The Defense Department wants to make AI training available to all DOD components by 2021.

data center analytics (Timofeev Vladimir/Shutterstock.com)
 

The Defense Department wants to accelerate its artificial intelligence efforts with increased personnel training, education and a new, collaborative cloud-based environment for tools and data-sharing called the Joint Common Foundation.

Defense Secretary Mark Esper said he wants to expand DOD's in-house AI community by increasing the Pentagon's Joint AI Center's nine-week training program available to all components over the next year.

The JAIC launched the Responsible AI Committee this year to help DOD leaders "foster a culture of AI ethics" and created "the Responsible AI Champions program, a nine-week training course for DOD personnel directly involved in the AI delivery pipeline," Esper said at DOD's two-day virtual AI symposium Sept. 9.

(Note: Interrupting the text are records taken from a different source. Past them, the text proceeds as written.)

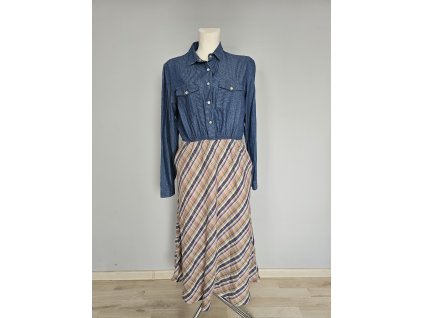 Upcyklované modré vzorované šaty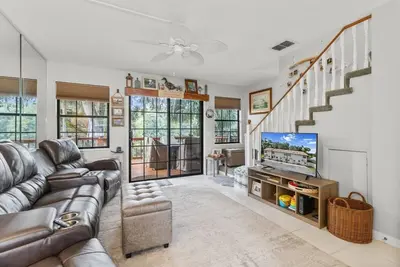 Image de Riverfront Condo with View & Access to Rainbow River & Withlacoochee River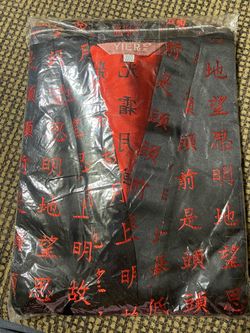 3XL YIERZ Black Robe with Red Chinese Characters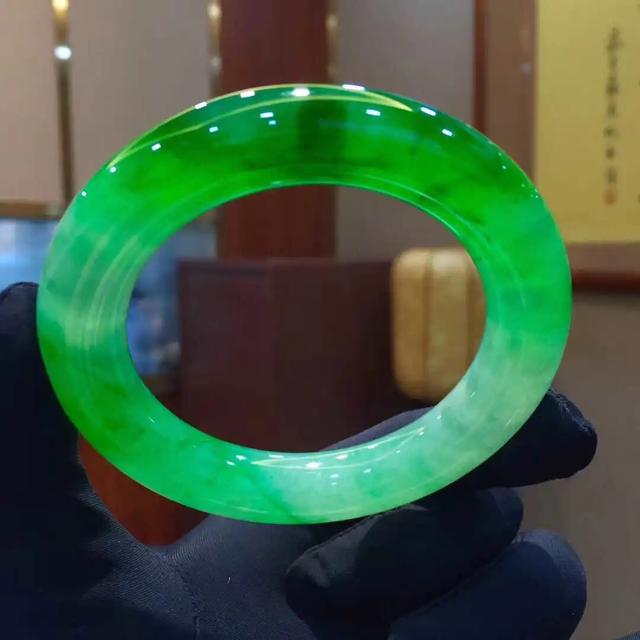 翡翠原石值钱吗开采翡翠原石怎么识别-第7张图片-翡翠网 翡翠原石值钱吗开采翡翠原石怎么识别-第7张图片-翡翠网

"We plan to scale this program to all DoD components over the coming year," the secretary said.

In October, the JAIC, which serves as DOD's epicenter for AI initiatives and coordination, plans to unveil a "six-week pilot course next month to train over 80 defense acquisition professionals of all ranks and grades" to teach personnel "how to apply AI and data science skills to our operations," Esper said.

The department is also planning "a real-world competition involving full-scale tactical aircraft in 2024" that pits human pilots against artificial intelligence-controlled aircraft, he said. The secretary also indicated that he would lobby Congress for "additional funding for the services to grow this effort over time and deliver an AI-ready workforce to the American people."

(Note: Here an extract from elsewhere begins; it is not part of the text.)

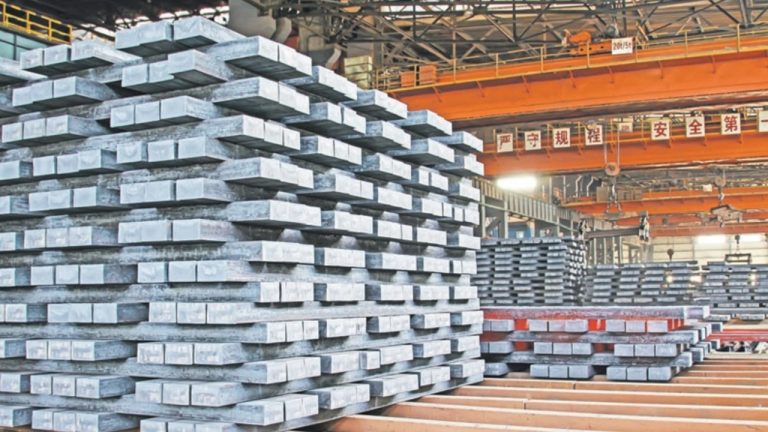 Çin’in Yarı Mamul Hamlesi: Tarifeleri Aşarak Çelik İhracatını Artırıyor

Dana Deasy, DOD's CIO, highlighted some of JAIC's accomplishments in a Sept. 10 speech, citing an "engine health model" for Black Hawk helicopter maintenance and a language processing application that will automatically review financial and administrative documents and memos for consistency, accuracy and compliance.

In addition to having more AI-educated personnel, DOD hopes to make tools and data readily available for them and industry partners just as quickly through the Joint Common Foundation.

"The JCF is built to be an environment that sits on top of things like Cloud One platform, JEDI, et cetera," the JAIC's acting director Nand Mulchandani told reporters Sept. 10, that will have labeled, curated data, tools, and systems for testing and evaluation.

Mulchandani said early access is now available to some mission partners with some now migrating to JCF, but wouldn't give specifics.

The Defense Information Systems Agency awarded Deloitte a $106 million contract to help build the JCF environment for the AI center in August, which Mulchandani said would allow industry partners to deploy tools straight to developers, and with that, make partnerships easier.

"We believe, and want, all of those products to be deployed through the JCF so that our developer community can actually have access to the best tech that's out there," Mulchandani said.

The Defense Department is also keen on cementing domestic commercial and international partnerships. The JAIC plans to release the AI-Partnership for Defense next week so military and defense organizations from select countries can work to incorporate ethics into their AI pipelines.

"Over the coming year, we expect to expand this initiative to include even more countries, as we create new frameworks and tools for data sharing, cooperative development, and strengthened interoperability," Esper said.